* **Brief**
Below are records with pictures in them. Output exactly the lines from the one with "Сплошной купальник с" through the one with "Wordly Wise 3000", both included, and leave every picture out; give only those lines.

* **Input data**
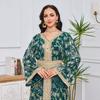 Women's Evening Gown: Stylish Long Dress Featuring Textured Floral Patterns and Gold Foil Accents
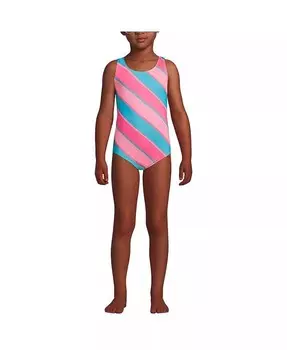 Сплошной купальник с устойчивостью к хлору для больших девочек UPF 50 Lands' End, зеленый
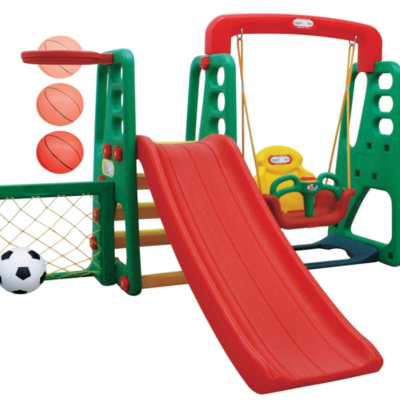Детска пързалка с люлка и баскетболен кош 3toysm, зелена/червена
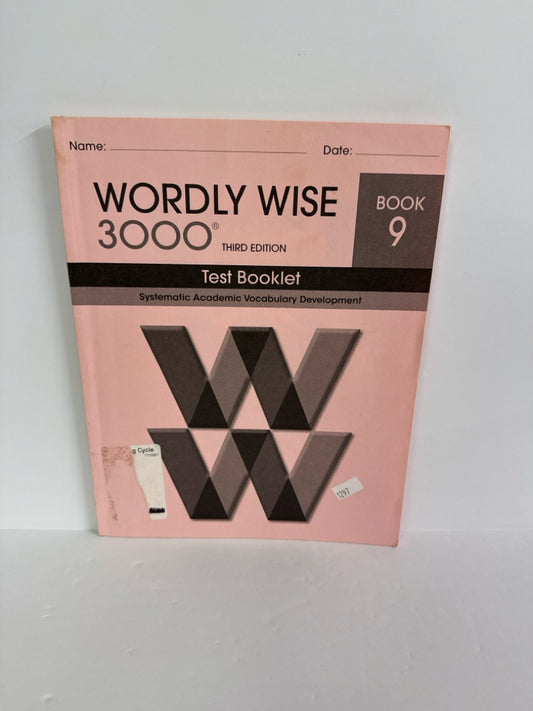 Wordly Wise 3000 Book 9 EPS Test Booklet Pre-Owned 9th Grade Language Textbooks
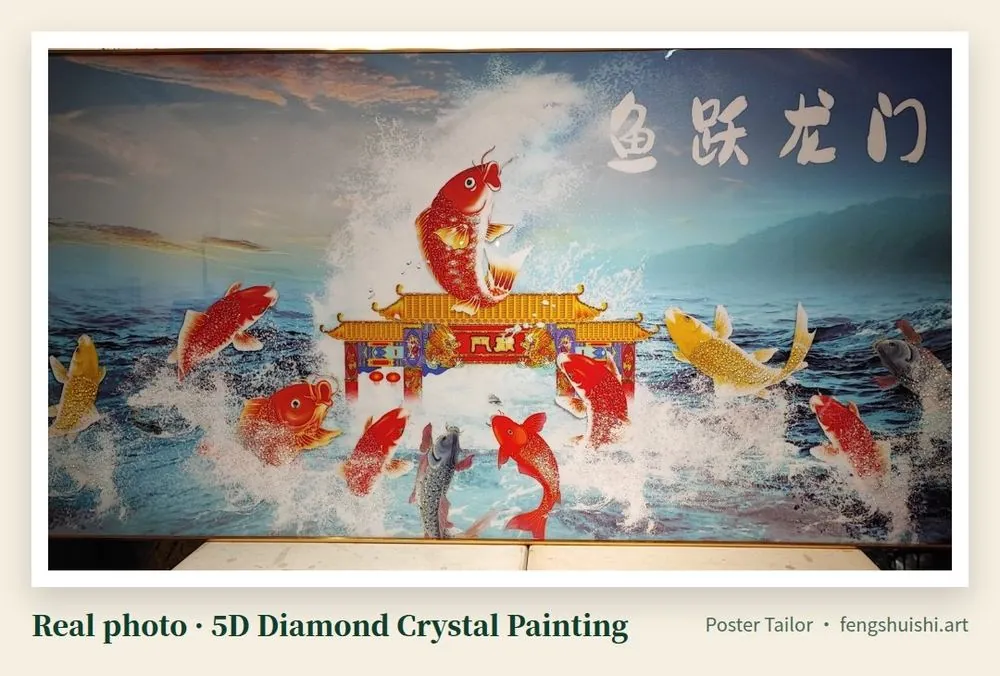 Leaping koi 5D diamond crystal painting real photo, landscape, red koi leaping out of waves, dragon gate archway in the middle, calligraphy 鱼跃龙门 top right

...

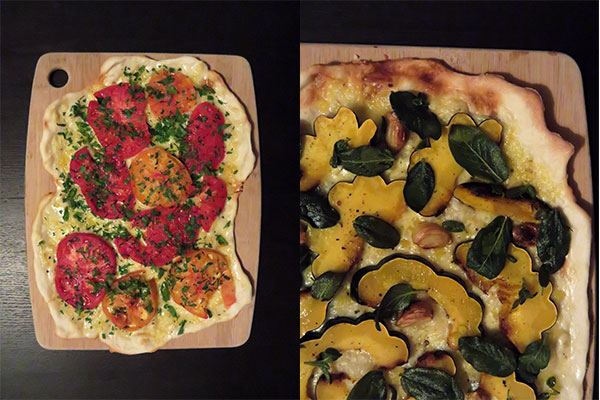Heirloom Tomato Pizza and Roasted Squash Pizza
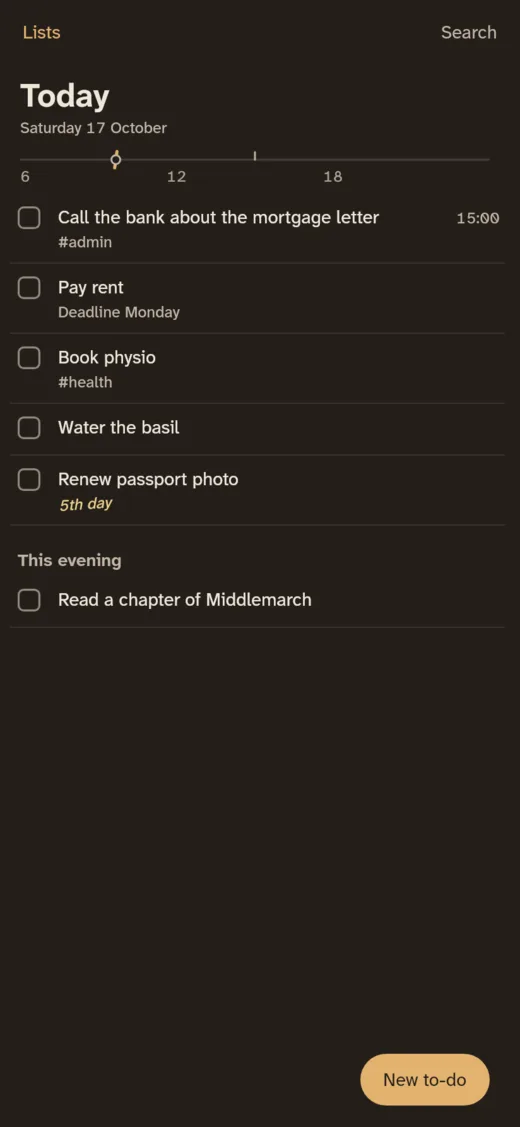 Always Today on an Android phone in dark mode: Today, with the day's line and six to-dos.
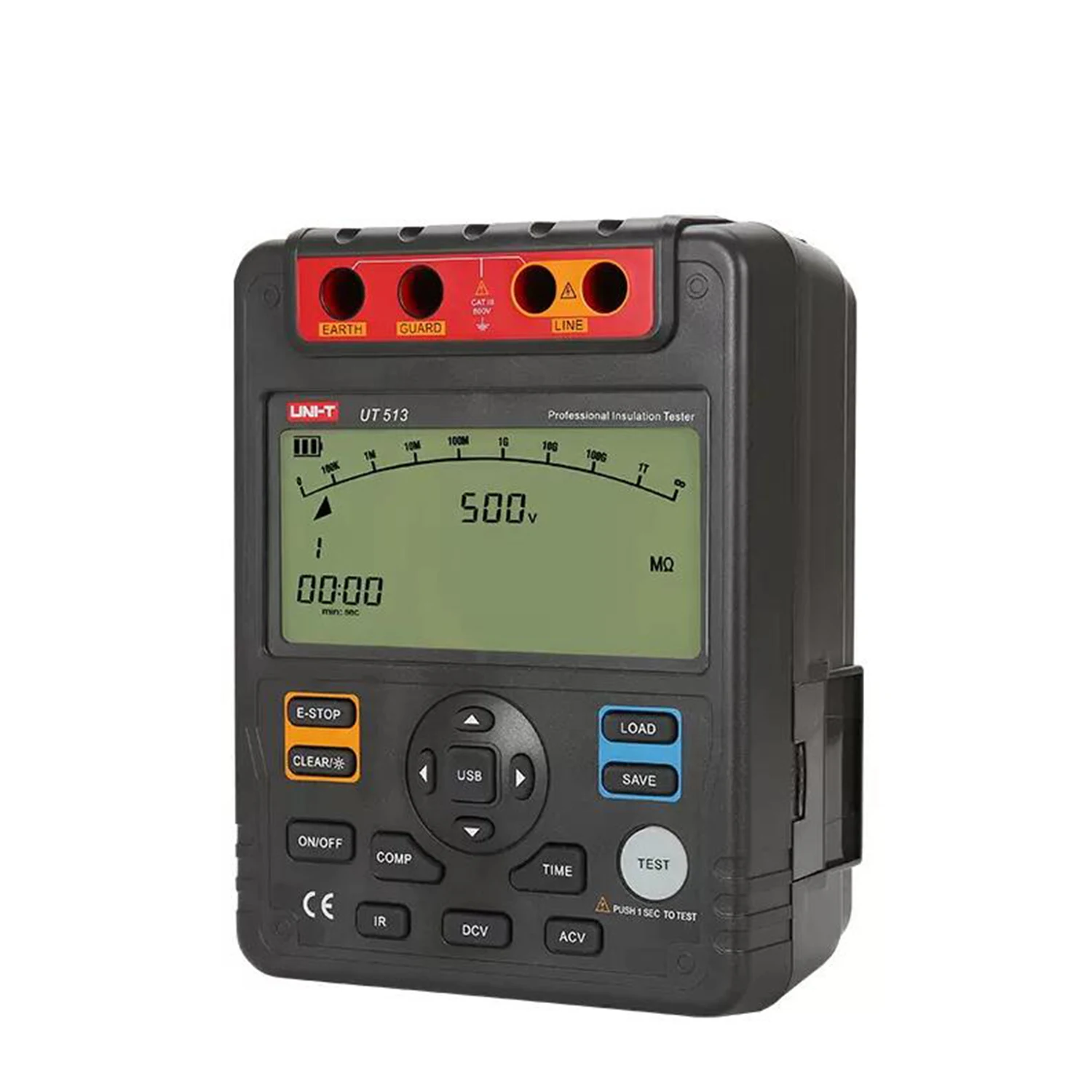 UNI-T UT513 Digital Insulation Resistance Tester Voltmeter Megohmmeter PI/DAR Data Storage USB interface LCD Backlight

* **Solution**
 Сплошной купальник с устойчивостью к хлору для больших девочек UPF 50 Lands' End, зеленый
Детска пързалка с люлка и баскетболен кош 3toysm, зелена/червена
 Wordly Wise 3000 Book 9 EPS Test Booklet Pre-Owned 9th Grade Language Textbooks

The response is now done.